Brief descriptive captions
+++
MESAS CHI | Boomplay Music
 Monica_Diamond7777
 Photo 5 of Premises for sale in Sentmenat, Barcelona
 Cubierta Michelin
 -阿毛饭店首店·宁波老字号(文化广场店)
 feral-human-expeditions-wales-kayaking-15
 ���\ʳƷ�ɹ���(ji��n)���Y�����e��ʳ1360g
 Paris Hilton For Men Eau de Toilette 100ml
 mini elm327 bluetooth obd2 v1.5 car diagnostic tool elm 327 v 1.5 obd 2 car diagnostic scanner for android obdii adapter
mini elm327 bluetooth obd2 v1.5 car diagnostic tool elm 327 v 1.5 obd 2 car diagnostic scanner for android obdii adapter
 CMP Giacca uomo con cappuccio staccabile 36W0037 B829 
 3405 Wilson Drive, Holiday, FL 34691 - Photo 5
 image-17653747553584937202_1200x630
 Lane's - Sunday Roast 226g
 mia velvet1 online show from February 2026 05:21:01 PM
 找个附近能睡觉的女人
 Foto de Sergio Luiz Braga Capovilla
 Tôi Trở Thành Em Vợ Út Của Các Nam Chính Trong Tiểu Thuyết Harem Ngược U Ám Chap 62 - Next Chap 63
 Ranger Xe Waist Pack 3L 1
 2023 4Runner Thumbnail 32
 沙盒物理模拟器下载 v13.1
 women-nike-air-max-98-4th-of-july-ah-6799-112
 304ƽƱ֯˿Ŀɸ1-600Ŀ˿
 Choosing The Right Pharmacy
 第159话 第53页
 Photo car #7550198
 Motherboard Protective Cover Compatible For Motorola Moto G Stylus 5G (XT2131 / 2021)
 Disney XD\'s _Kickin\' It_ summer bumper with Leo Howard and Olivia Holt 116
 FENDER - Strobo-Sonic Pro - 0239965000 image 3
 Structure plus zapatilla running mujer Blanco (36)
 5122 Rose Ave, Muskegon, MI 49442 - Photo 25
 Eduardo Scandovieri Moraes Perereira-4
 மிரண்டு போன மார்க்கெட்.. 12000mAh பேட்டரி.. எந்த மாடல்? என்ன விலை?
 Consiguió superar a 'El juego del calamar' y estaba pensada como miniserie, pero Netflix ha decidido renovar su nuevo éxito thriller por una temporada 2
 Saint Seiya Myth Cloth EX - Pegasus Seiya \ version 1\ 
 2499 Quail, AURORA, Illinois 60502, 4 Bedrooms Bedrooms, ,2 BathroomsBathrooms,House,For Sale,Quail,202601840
+++
Reproduce every record above exactly as it appears.

MESAS CHI | Boomplay Music
 Monica_Diamond7777
 Photo 5 of Premises for sale in Sentmenat, Barcelona
 Cubierta Michelin
 -阿毛饭店首店·宁波老字号(文化广场店)
 feral-human-expeditions-wales-kayaking-15
 ���\ʳƷ�ɹ���(ji��n)���Y�����e��ʳ1360g
 Paris Hilton For Men Eau de Toilette 100ml
 mini elm327 bluetooth obd2 v1.5 car diagnostic tool elm 327 v 1.5 obd 2 car diagnostic scanner for android obdii adapter
mini elm327 bluetooth obd2 v1.5 car diagnostic tool elm 327 v 1.5 obd 2 car diagnostic scanner for android obdii adapter
 CMP Giacca uomo con cappuccio staccabile 36W0037 B829 
 3405 Wilson Drive, Holiday, FL 34691 - Photo 5
 image-17653747553584937202_1200x630
 Lane's - Sunday Roast 226g
 mia velvet1 online show from February 2026 05:21:01 PM
 找个附近能睡觉的女人
 Foto de Sergio Luiz Braga Capovilla
 Tôi Trở Thành Em Vợ Út Của Các Nam Chính Trong Tiểu Thuyết Harem Ngược U Ám Chap 62 - Next Chap 63
 Ranger Xe Waist Pack 3L 1
 2023 4Runner Thumbnail 32
 沙盒物理模拟器下载 v13.1
 women-nike-air-max-98-4th-of-july-ah-6799-112
 304ƽƱ֯˿Ŀɸ1-600Ŀ˿
 Choosing The Right Pharmacy
 第159话 第53页
 Photo car #7550198
 Motherboard Protective Cover Compatible For Motorola Moto G Stylus 5G (XT2131 / 2021)
 Disney XD\'s _Kickin\' It_ summer bumper with Leo Howard and Olivia Holt 116
 FENDER - Strobo-Sonic Pro - 0239965000 image 3
 Structure plus zapatilla running mujer Blanco (36)
 5122 Rose Ave, Muskegon, MI 49442 - Photo 25
 Eduardo Scandovieri Moraes Perereira-4
 மிரண்டு போன மார்க்கெட்.. 12000mAh பேட்டரி.. எந்த மாடல்? என்ன விலை?
 Consiguió superar a 'El juego del calamar' y estaba pensada como miniserie, pero Netflix ha decidido renovar su nuevo éxito thriller por una temporada 2
 Saint Seiya Myth Cloth EX - Pegasus Seiya \ version 1\ 
 2499 Quail, AURORA, Illinois 60502, 4 Bedrooms Bedrooms, ,2 BathroomsBathrooms,House,For Sale,Quail,202601840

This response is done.